Your task is to reproduce the listing exactly, without its images.

DATASET EXTRACT>
==============================

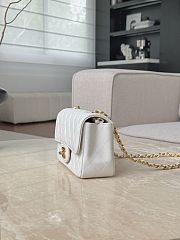 Chanel Classic White Caviar Gold Hardware Bag - 12x20x6cm - 2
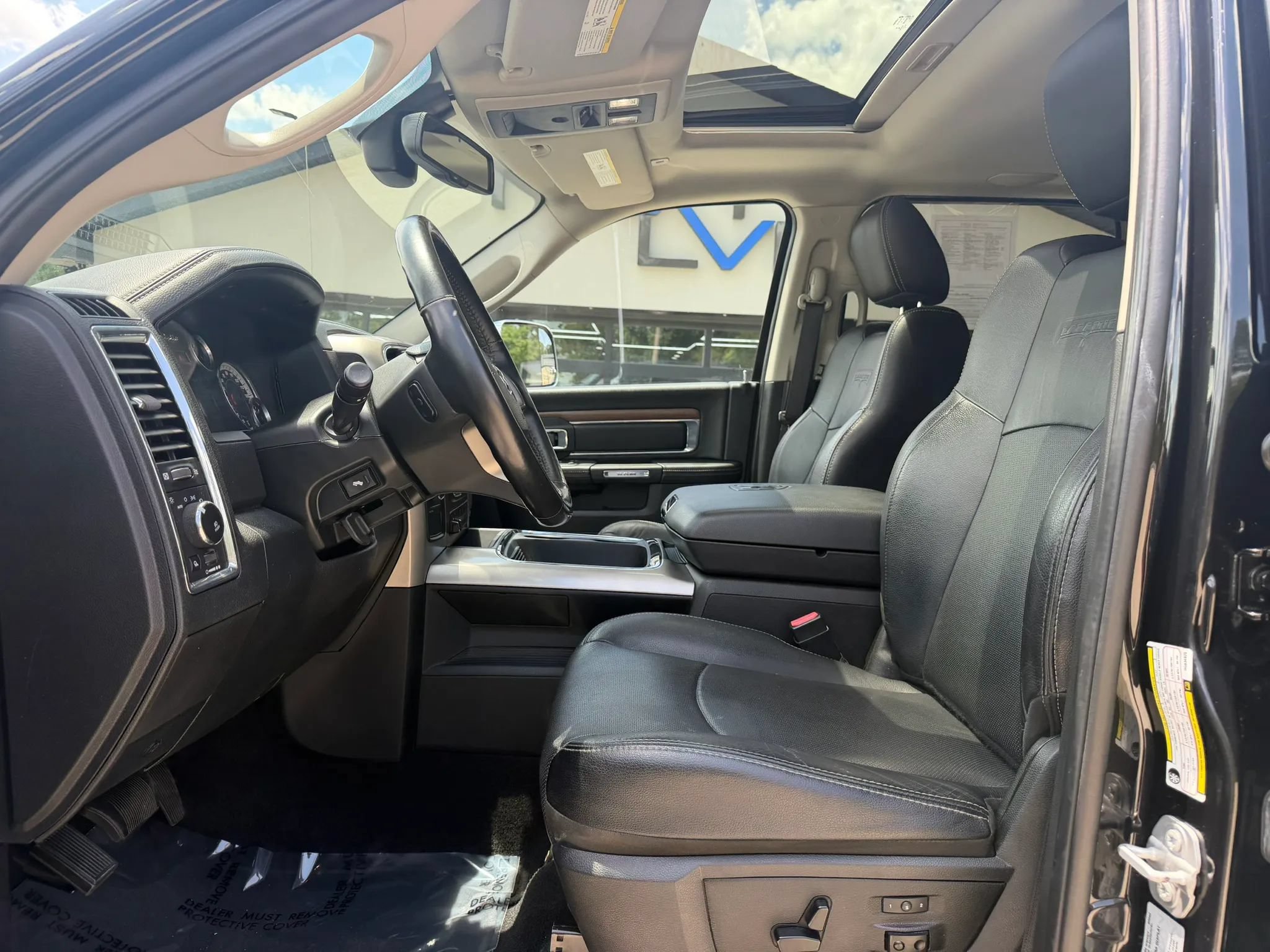 Used 2017 RAM 2500 Laramie w/ Snow Chief Group AWD/4WD image 14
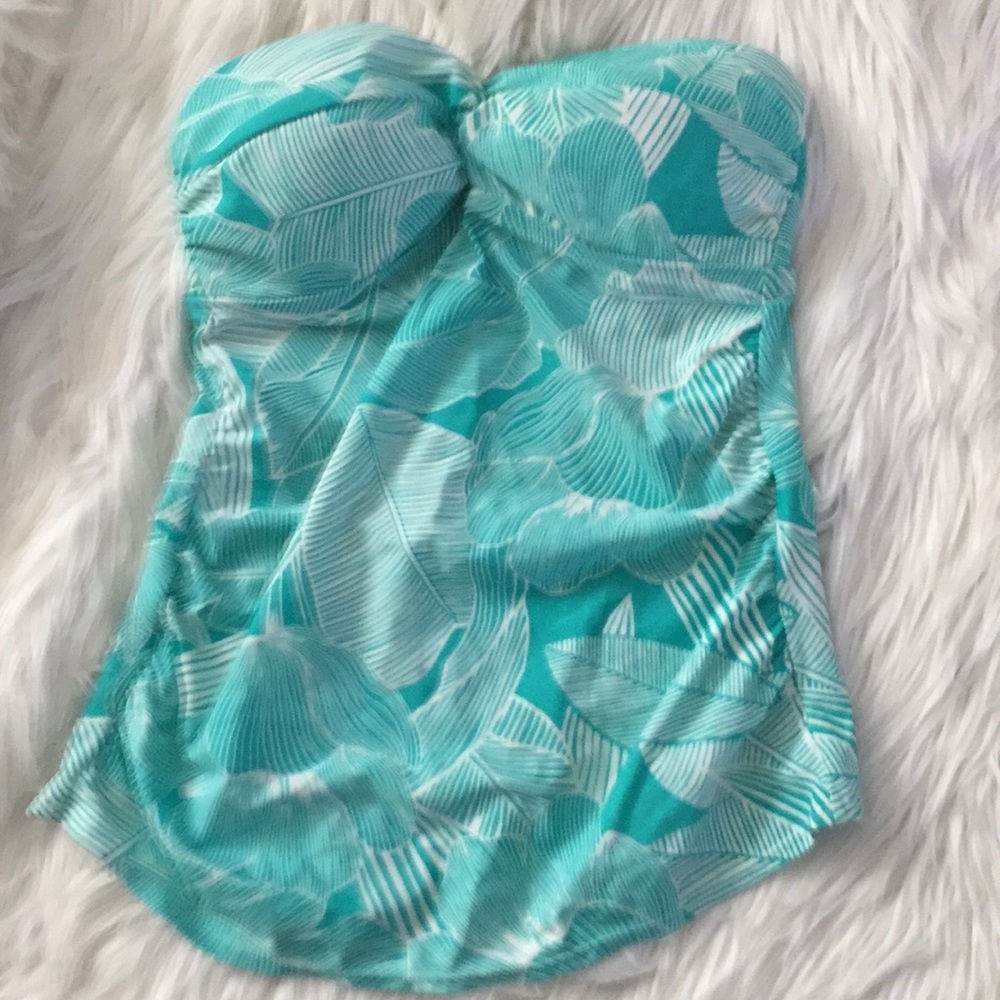 Adorable strapless Tankini Top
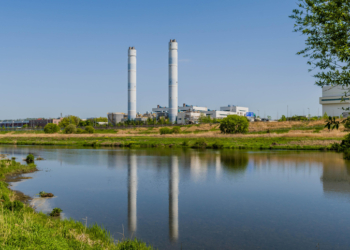 Tower Collapse at South Korean Power Plant Leaves One Dead, Four Missing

==============================

YOUR RESPONSE>
 Chanel Classic White Caviar Gold Hardware Bag - 12x20x6cm - 2
 Used 2017 RAM 2500 Laramie w/ Snow Chief Group AWD/4WD image 14
 Adorable strapless Tankini Top
 Tower Collapse at South Korean Power Plant Leaves One Dead, Four Missing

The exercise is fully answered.